[[ RECORDS SHOWN, beginning ]]
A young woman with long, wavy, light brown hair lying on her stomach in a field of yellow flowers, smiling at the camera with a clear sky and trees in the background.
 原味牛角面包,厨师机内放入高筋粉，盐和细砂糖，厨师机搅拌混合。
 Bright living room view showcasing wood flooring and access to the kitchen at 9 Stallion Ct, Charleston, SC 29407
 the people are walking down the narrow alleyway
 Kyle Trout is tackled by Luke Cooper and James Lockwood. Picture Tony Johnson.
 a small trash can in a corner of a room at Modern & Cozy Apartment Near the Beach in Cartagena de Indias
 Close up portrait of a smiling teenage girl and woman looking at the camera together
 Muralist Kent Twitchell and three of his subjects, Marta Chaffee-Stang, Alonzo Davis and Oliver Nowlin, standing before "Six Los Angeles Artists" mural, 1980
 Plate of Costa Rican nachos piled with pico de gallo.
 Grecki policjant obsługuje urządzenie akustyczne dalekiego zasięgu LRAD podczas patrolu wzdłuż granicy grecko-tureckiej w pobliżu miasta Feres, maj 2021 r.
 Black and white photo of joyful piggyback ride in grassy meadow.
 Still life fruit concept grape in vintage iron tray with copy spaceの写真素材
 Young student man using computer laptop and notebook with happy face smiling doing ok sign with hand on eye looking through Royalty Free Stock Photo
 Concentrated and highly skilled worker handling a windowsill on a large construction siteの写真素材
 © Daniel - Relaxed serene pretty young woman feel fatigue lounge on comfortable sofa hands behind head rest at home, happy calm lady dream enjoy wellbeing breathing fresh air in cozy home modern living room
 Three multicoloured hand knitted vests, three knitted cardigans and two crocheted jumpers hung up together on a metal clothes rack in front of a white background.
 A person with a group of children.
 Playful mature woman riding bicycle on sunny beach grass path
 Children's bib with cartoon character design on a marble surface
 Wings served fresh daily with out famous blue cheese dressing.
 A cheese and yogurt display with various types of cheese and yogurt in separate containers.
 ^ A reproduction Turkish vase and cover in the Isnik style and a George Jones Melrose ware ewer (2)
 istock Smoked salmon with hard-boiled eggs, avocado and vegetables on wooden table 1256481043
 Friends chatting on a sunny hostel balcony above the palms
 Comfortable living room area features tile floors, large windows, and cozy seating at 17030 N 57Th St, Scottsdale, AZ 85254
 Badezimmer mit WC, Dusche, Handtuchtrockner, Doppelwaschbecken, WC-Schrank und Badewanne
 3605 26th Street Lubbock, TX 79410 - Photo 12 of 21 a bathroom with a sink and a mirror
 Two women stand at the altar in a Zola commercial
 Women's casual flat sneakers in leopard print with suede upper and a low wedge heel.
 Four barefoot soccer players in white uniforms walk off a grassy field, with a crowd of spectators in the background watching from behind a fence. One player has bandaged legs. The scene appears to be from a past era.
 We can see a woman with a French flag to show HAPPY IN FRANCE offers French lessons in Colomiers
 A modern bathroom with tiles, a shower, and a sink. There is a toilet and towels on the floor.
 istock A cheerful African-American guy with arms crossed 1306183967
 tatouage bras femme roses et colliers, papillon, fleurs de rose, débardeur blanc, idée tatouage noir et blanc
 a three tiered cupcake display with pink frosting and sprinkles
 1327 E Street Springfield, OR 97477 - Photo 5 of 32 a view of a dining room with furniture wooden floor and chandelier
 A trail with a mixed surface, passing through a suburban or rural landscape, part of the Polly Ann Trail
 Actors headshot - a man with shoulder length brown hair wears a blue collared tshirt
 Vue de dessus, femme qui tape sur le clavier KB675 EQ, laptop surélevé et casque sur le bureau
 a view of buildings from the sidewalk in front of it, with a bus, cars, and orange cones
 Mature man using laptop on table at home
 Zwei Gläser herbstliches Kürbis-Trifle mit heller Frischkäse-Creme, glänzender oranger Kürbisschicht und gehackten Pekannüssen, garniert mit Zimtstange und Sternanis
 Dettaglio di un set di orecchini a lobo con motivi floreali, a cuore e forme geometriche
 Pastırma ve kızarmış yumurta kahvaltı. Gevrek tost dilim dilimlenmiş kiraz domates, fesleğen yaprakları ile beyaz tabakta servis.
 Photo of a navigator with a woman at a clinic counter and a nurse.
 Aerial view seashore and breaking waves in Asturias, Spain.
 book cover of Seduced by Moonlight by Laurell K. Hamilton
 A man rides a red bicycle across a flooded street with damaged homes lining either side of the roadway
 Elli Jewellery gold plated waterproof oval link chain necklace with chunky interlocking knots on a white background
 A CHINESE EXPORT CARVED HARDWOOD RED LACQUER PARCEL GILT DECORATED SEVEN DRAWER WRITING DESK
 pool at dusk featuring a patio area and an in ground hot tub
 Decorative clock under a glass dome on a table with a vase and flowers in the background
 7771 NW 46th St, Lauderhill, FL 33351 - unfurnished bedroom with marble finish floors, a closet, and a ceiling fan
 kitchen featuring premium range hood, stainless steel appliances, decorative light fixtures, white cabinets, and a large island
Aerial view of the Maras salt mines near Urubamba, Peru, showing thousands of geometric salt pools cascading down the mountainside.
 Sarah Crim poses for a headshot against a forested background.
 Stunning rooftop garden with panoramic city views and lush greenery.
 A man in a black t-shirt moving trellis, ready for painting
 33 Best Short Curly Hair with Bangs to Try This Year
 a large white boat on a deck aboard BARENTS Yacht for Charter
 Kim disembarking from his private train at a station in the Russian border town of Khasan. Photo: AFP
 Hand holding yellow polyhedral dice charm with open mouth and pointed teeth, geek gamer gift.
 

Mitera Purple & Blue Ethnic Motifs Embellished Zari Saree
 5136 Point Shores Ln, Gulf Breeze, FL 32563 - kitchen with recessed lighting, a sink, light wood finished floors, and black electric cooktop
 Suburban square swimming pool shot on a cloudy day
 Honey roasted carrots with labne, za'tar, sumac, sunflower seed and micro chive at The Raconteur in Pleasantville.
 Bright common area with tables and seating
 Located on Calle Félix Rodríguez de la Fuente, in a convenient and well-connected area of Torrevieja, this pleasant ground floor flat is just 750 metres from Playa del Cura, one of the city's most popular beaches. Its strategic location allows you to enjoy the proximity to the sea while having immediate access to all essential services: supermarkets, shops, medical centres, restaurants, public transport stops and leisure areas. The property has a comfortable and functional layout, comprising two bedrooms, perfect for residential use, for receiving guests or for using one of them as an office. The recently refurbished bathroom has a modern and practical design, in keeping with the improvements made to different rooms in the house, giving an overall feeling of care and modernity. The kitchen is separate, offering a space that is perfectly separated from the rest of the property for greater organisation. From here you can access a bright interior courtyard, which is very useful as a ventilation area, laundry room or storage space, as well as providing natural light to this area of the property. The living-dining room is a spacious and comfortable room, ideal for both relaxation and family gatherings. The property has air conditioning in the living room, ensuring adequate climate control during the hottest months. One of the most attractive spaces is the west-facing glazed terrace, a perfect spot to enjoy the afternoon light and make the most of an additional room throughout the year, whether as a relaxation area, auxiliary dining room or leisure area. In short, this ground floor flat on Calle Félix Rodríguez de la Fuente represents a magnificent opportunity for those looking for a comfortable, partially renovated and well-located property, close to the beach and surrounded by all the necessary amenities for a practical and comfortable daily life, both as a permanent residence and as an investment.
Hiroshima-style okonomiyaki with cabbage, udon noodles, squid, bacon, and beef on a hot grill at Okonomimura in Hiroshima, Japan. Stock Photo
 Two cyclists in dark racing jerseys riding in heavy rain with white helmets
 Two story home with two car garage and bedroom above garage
[[ RECORDS SHOWN, end ]]
WHAT YOU SHOULD DO:
Every line above with the word "headshot" is to be copied out.

ANSWER SPACE:
 Actors headshot - a man with shoulder length brown hair wears a blue collared tshirt
 Sarah Crim poses for a headshot against a forested background.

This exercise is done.